Margret hatte ihre Tochter bei einem tragischen Unfall vor vielen Jahren verloren und war seitdem alleine. Sie hatte sonst keine Verwandten, die sich um sie kümmerten und besuchten.

Nun hatte sie das Gefühl, als ob an diesem Heiligen Abend das Glück in ihr Heim zurückgekehrt wäre.

Sie hatte eine zweite Chance bekommen, eine zweite Tochter, die ihrer Hilfe und vor allem ihrer Liebe bedurfte. Ihr wurde es ganz warm ums Herz, als sie in Lisas Gesicht sah. Irgendwie erinnerten sie ihre Augen an ihre eigene Tochter.

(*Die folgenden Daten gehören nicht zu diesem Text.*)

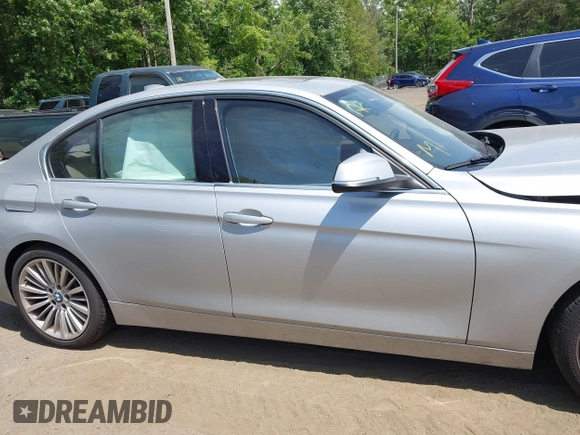 2013 BMW 3 Series 335i with VIN WBA3A9C55DF475648, listed as a IAAI auction lot 42310502 with 151,823 mi miles and . Bid and sale history available at DreamBid. Image 13.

„Weißt du was?“, sagte sie leise und aus vollem Herzen überzeugt zu Lisa. „Ab heute hast du ein neues zu Hause. Du kannst bei mir bleiben, wenn du das möchtest. Ich habe nicht viel, aber das, was ich habe, teile ich gerne mit dir für den Rest meines Lebens. Der liebe Gott hätte mir kein schöneres Geschenk machen können dieses Weihnachten. Ich bin sehr froh, dass ich dich gefunden habe.“ Sie blickte Lisa an, tätschelte liebevoll ihre Hand, und schenkte ihr dann ein Lächeln, dass es Lisa ganz warm ums Herz wurde.

Lisa strahlte nun über das ganze Gesicht, und fühlte sich, als wäre sie nun nach einer sehr langen dunklen Reise endlich zu Hause angekommen.

„Danke, ich wünsche mir nichts mehr“, flüsterte sie gerührt. Eine Träne lief ihr über ihr Gesicht. Sie wusste genau, dass der himmlische Vater ihr dieses Geschenk gesandt hatte.

An diesem Abend lag sie ganz ruhig und tief bewegt, in ihrem neuen weichen warmen Bett und dankte Gott dafür, dass er sie nicht vergessen hatte.

Es war das schönste Weihnachten, das sie seit vielen Jahren erlebt hatte und niemals mehr vergessen würde.